Kegiatan monitoring sebagai bagian dari komponen pengelolaan program telah berjalan dengan
sangat baik dengan capaian kuantitatif mencapai 100%, dimana seluruh pelaku dari mulai
Pemerintah Kota/Kabupaten, LKM, dan konsultan seluruhnya telah melakukan monitoring
terkait kegiatan PLPBK Lanjutan maupun Kolaborasi Kota. Hasil ini menunjukkan bahwa kegiatan
pemantauan sudah disadari sebagai bagian dari tugas dan tanggung jawab Pemda, LKM, dan
Konsultan untuk mengendalikan dan memastikan kegiatan program dapat berjalan dengan baik
di masyarakat. Disisi lain pencapaian ini memberikan sinyal bahwa kegiatan penanganan kumuh
telah menjadi suatu program yang dipandang cukup strategis "menggairahkan" bagi seluruh
pihak untuk secara bersama sama memastikan berjalannya kegiatan penanganan kumuh di
masyarakat.
Pemahaman tentang posisioning Pemda sebagai nahkoda dalam penaganan kumuh sudah mulai
dipahami dan diterapkan dengan baik. Berbagai event sosialisasi dan lokakarya yang
dilaksanakan di pusat maupun daerah yang melibatkan para pelaku kunci di daerah telah
memberikan dampak cukup signifikan terhadap pelaksanaan kegiatan PLPBK lanjutan maupun
kolaborasi kota. Semangat dan keterlibatan yang sudah menguat pada pelaku dari pemda
diharapkan akan semakin mempercepat dan pelaksanaan program penanganan kumuh yang
akan dan sedang dilakukan. Pemantauan yang dilakukan oleh pemerintah daerah merupakan
wujud tanggung jawab sebagai pengendali kegiatan, sehingga progres dan kualitas kegiatan
masyarakat dan pemerintah daerah yang dilakuan dapat dipertanggungjawabkan kepada
masyarakat dan pengelola program.
5. REKOMENDASI
Hasil monitoring KMP secara umum memberikan gambaran bahwa keseluruhan pelaksanaan
kegiatan KOTAKU pada umumnya dapat berjalan dengan baik, meskipun demikian dalam
beberapa kasus juga masih ditemukan beberapa kelemahan atau kekurangan yang harus
diperbaiki dimasa mendatang agar output pelaksanaan kegiatan dapat ditingkatkan kualitasnya.

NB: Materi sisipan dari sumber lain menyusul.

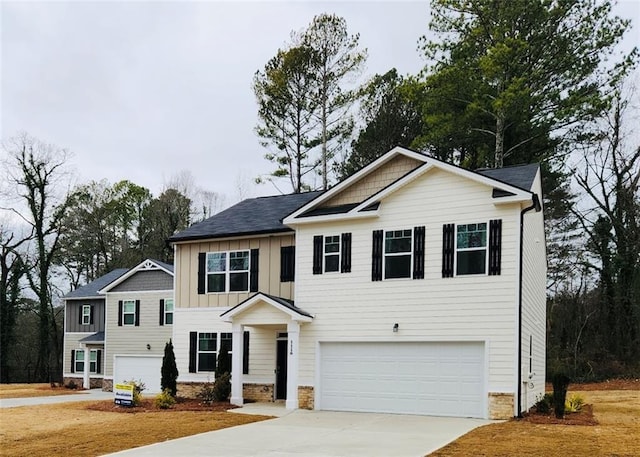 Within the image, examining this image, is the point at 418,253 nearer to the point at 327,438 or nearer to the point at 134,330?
the point at 327,438

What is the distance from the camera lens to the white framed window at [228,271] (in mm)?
20578

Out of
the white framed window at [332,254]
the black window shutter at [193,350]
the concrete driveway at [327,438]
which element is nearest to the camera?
the concrete driveway at [327,438]

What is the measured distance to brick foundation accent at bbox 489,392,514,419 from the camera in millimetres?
15094

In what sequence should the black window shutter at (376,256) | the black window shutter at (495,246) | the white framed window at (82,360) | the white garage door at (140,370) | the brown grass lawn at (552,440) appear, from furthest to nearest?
1. the white framed window at (82,360)
2. the white garage door at (140,370)
3. the black window shutter at (376,256)
4. the black window shutter at (495,246)
5. the brown grass lawn at (552,440)

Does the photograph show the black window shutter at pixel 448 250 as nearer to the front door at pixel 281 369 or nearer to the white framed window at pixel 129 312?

Beberapa rekomendasi tindaklanjut untuk perbaikan kegiatan KOTAKU kedepan adalah sebagai
berikut :
1. OSP harus memastikan bahwa peningkatan kapasits (pelatihan) dapat dilaksanakan secara
berjenjang dari mulai pelatihan ditingkat OSP Provinsi, Tim Korkot, Tim Fasilitator sampai ke
tingkat masyarakat (LKM, UP, TIPP, aparatur kelurahan/desa, dan kelompok/lembaga lokal
sehingga penanganan kumuh bisa berjalan lebih efektif. Mekanismenya dapat dilakukan
melalui peningkatan pelatihan, KBIK, forum diskusi , dll
2. Mekanisme penjajagan kebutuhan menu pelatihan (TNA) perlu dilakukan, baik untuk
peningkatan kapasitas konsultan maupun Pemda ataupun masyarakat sehingga menu
pelatihan sesuai dengan kebutuhan dan tantangan yang ada, termasuk banyak memberikan
muatan untuk mendorong tumbuhnya inovasi lokal dalam mengatasi persoalan-persoalan
yang muncul dalam pelaksanaan penanganan kumuh.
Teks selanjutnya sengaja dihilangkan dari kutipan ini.